(Collected data)
[Start of Attachment]
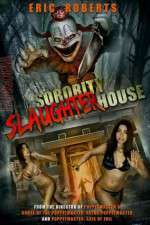 Watch Sorority Slaughterhouse Vumoo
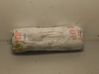 Seat airbag BAMPT1073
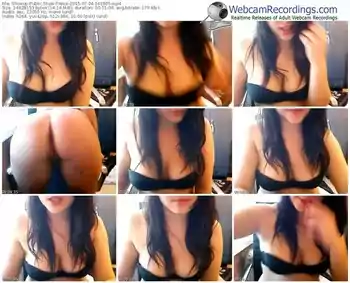 showup-yessi-public-show-07_04_2015-04_18_05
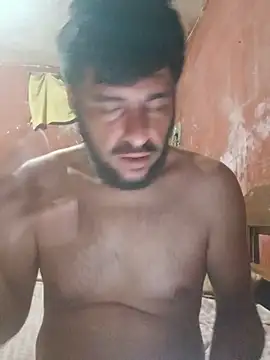 Comandante7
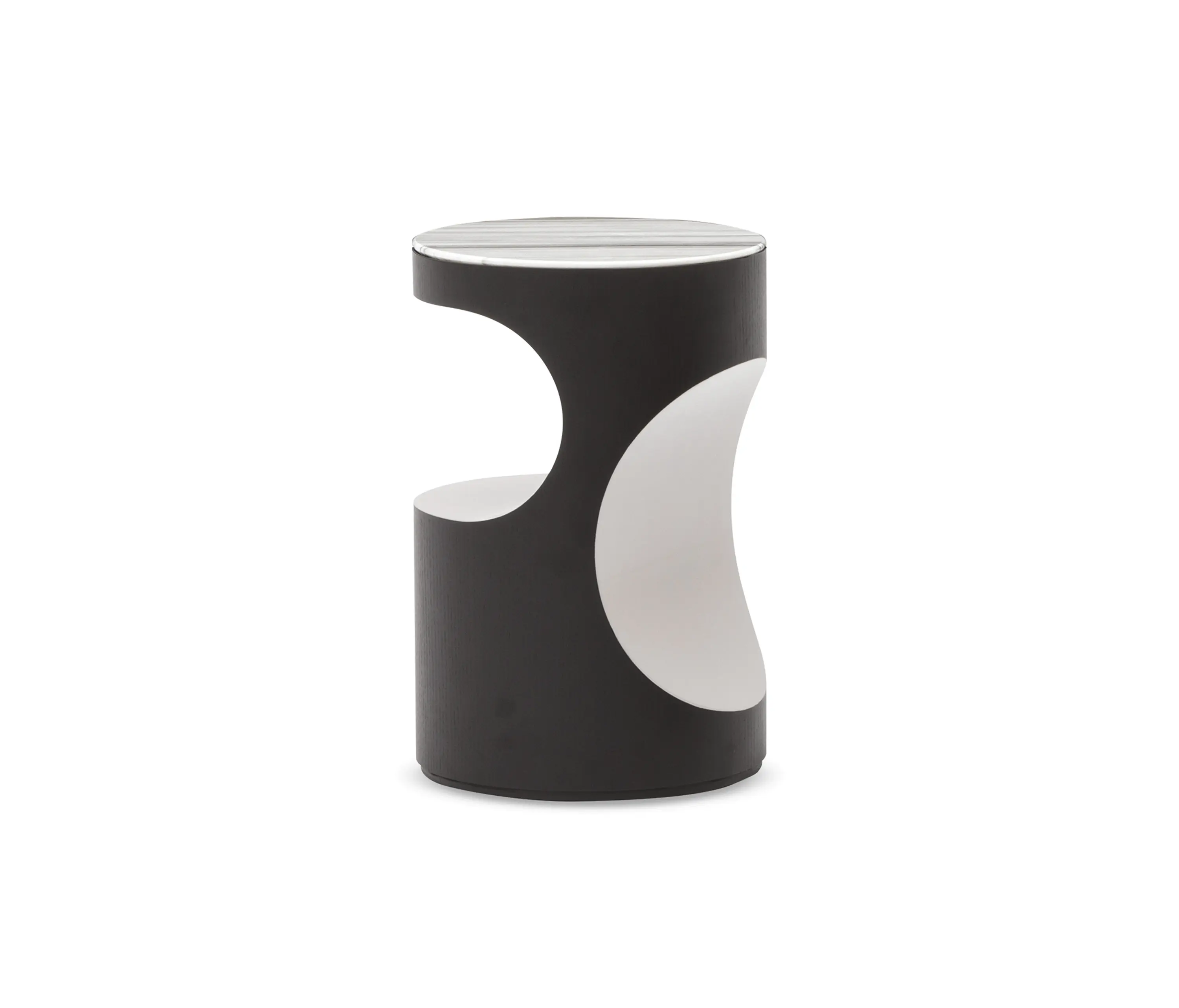 Minotti - Boden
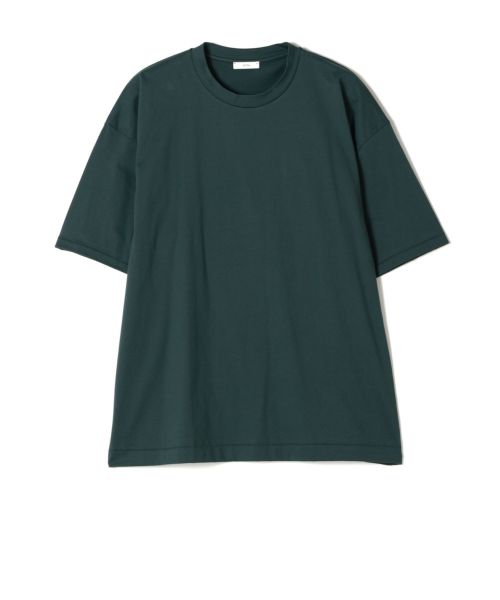 65 GREEN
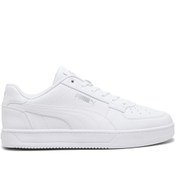 Resim Puma Caven 2.0 Wns W Beyaz Kadın Sneaker 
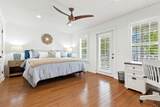 60 Marlin Street - Photo 19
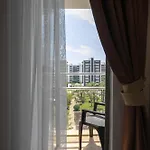 La Brisa Antalya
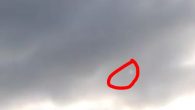 alien, ufo, england ufo, xfiles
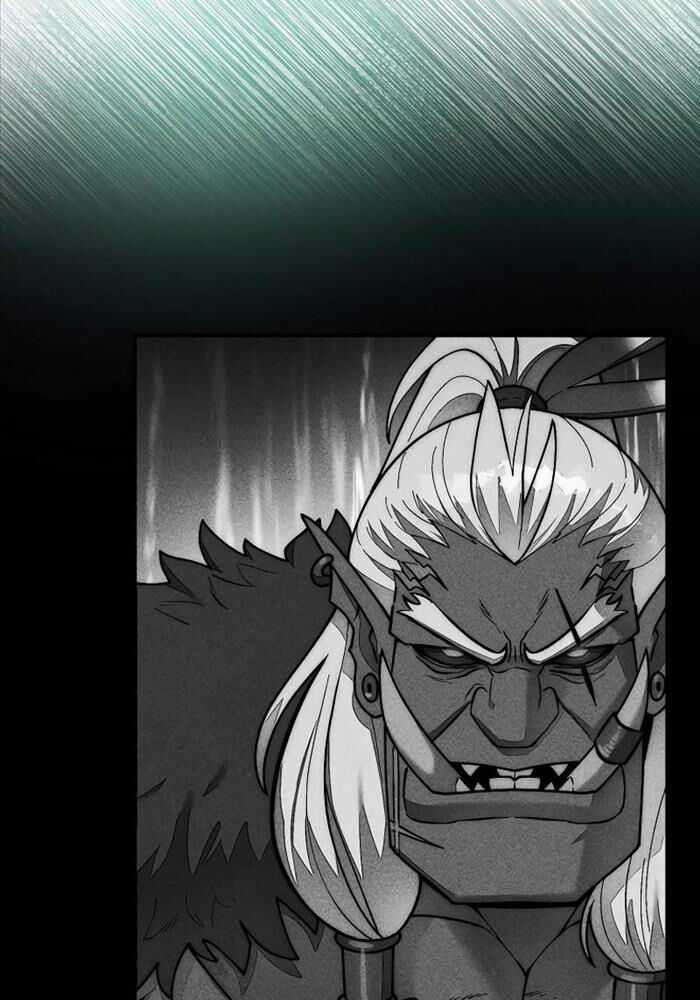 Quân Cờ Thứ 31 Lật Ngược Ván Cờ Chapter 67 trang 111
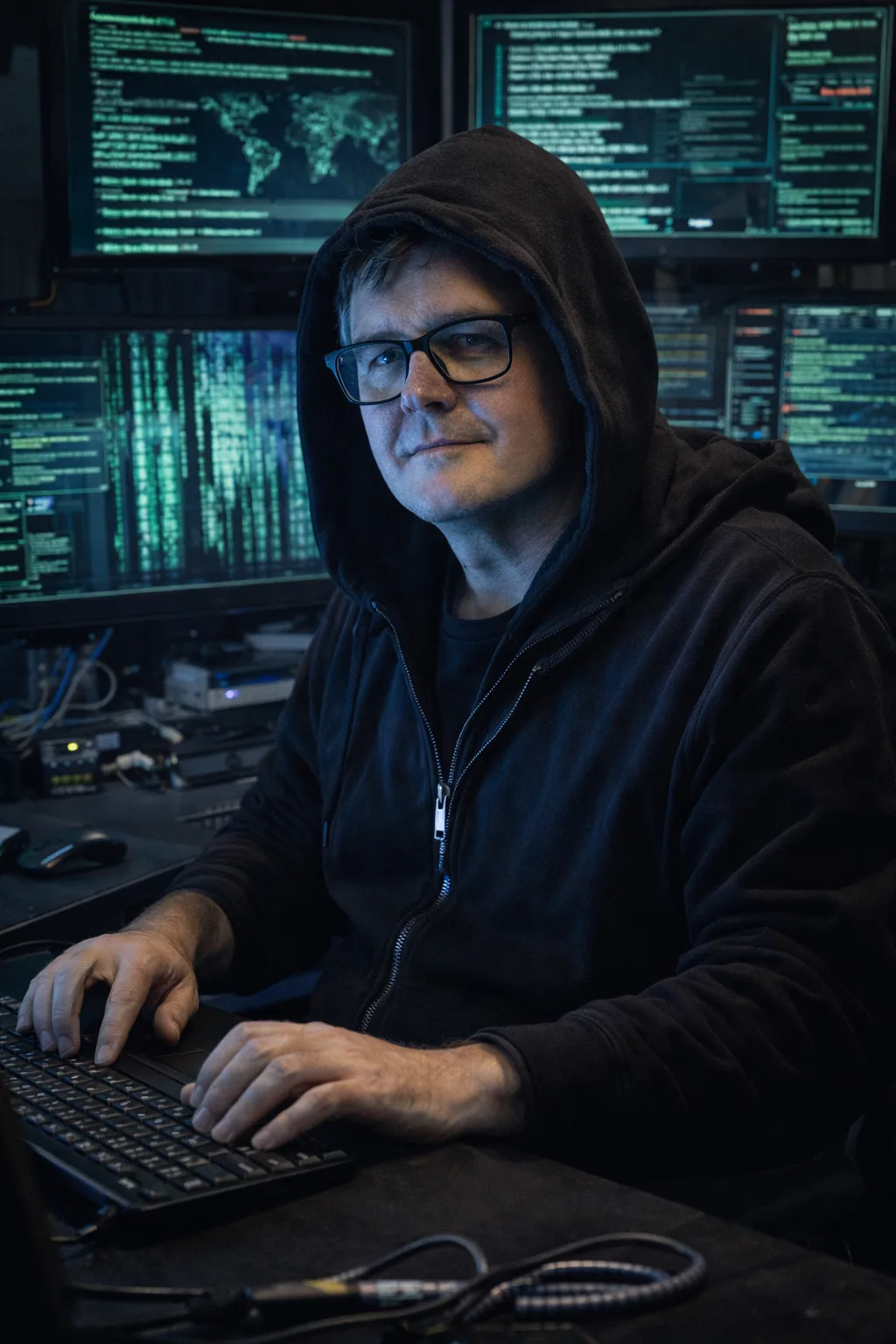 Dirk Ritter Hacker.png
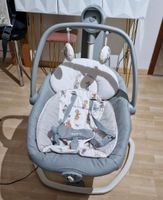 Joie Serina 2 in 1 Babyschaukel, Wippe Altona - Hamburg Ottensen Vorschau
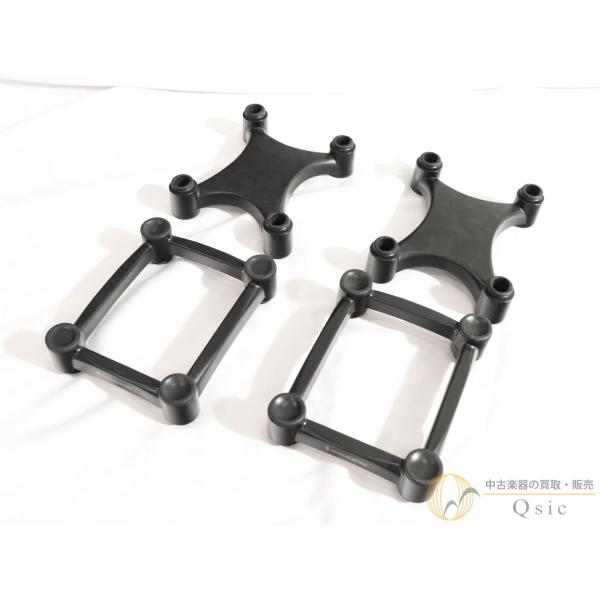 [良品] ISO Acoustics ISO-130 ペア [VM588]【神戸店在庫】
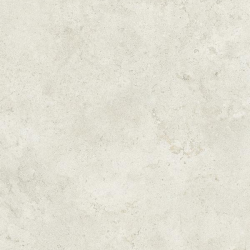 Керамогранит Living Ceramics LV10840 Verso Cross Cut Классик Хонед 60x120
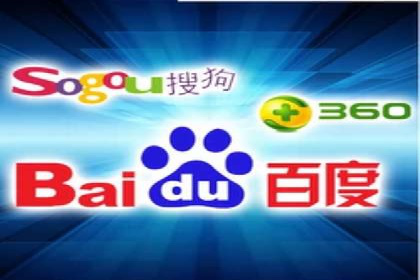 信息流推广优化策略：经典案例分析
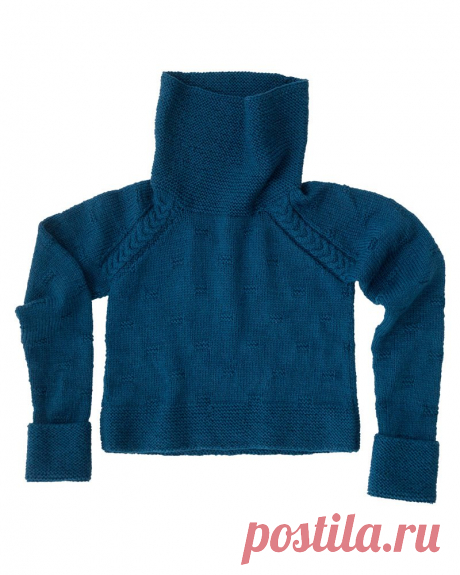 Knit Ange 2018-2019 /Winter/
Популярное и любимое рукодельницами японское издание по вязанию. 
В каталоге зимняя коллекция для вязания спицами и крючком. 

Это коллекция лучших моделей - жакеты и кардиганы, милые аксессуары и многое другое. 
Cледуя подробным инструкциям, схемам и выкройкам, вам не составит особого труда связать понравившуюся модель.



ВЕСЬ КАТАЛОГ ... здесь
https://www.liveinternet.ru/users/merlettka/post509487341/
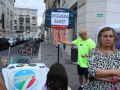 Notte bianca sport Mirimao (50)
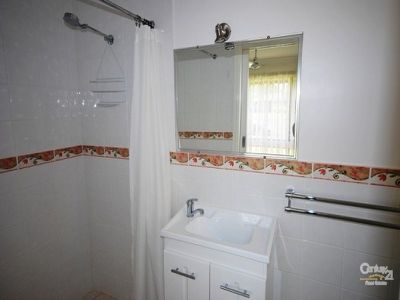 123 Baird Drive, Dubbo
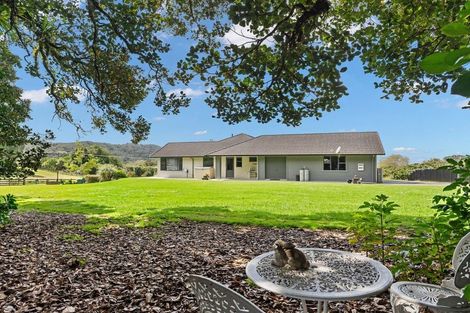Photo of property in 6 Kaymahr Lane, Maunu, Whangarei, 0179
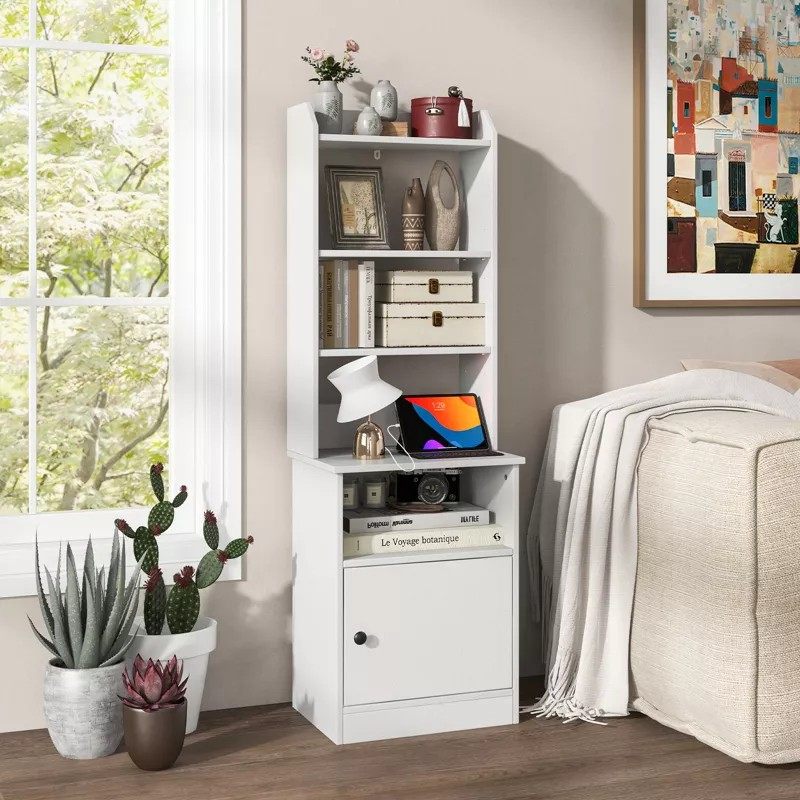 www.jingtongfurniture.com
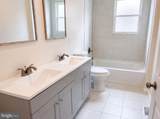 1314 Braddock Street - Photo 6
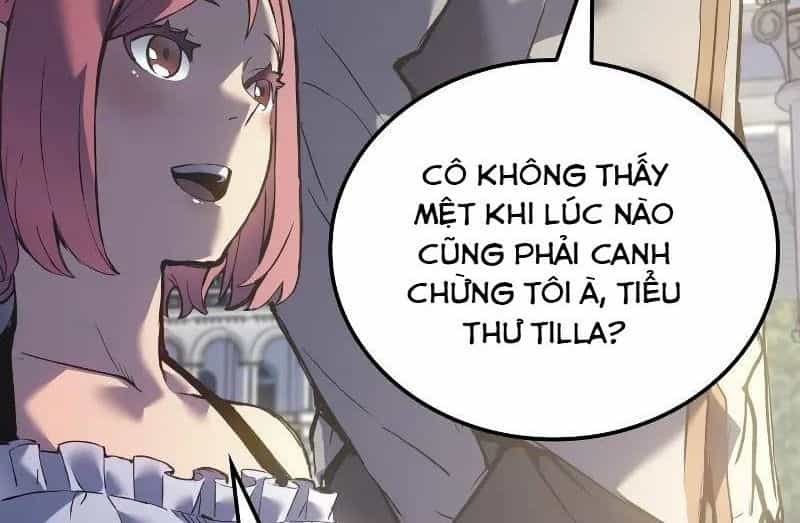 Võ Vương Tái Thế - Chương 60 - ảnh 86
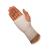 CS Medic Elastic Wrist Hand Sprain Injury Elastic Support Bandage (Medium or Large)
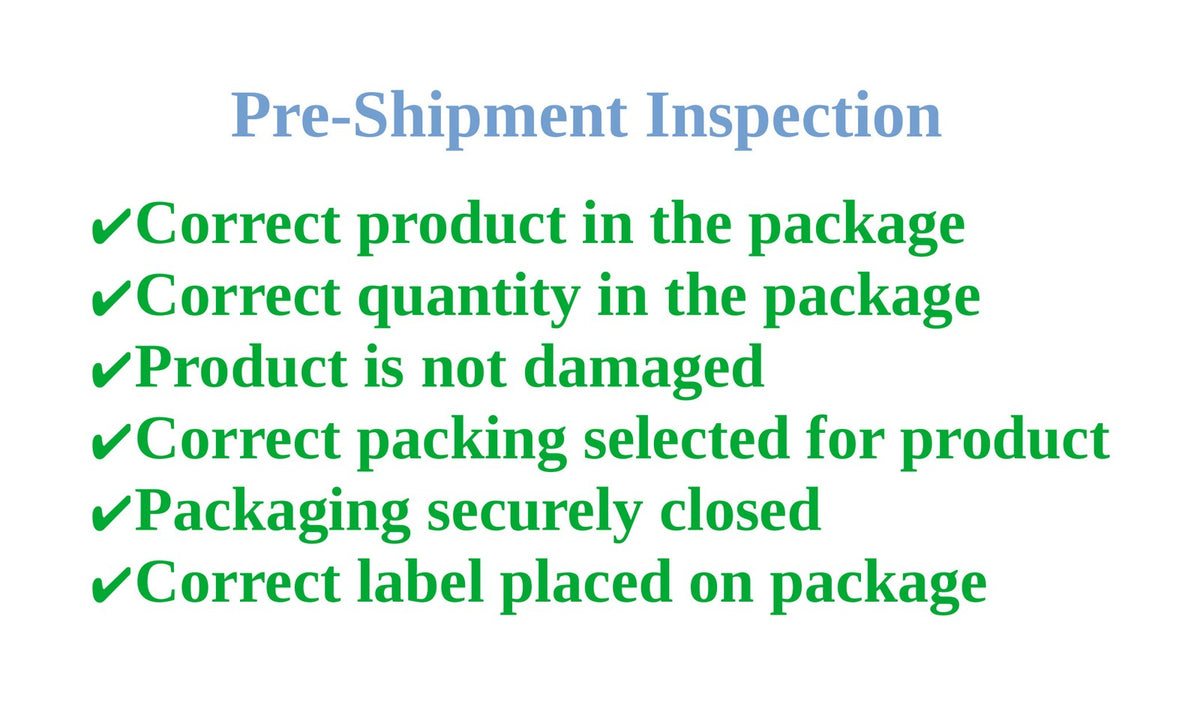 6.7L Cummins Injector Set - Remanufactured Direct-Fit Diesel Replacement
[End of Attachment]
**ACTIVITY**
In how many lines of the data does the string "коллекция" appear? Give only the number.

**RESPONSE BOX**
2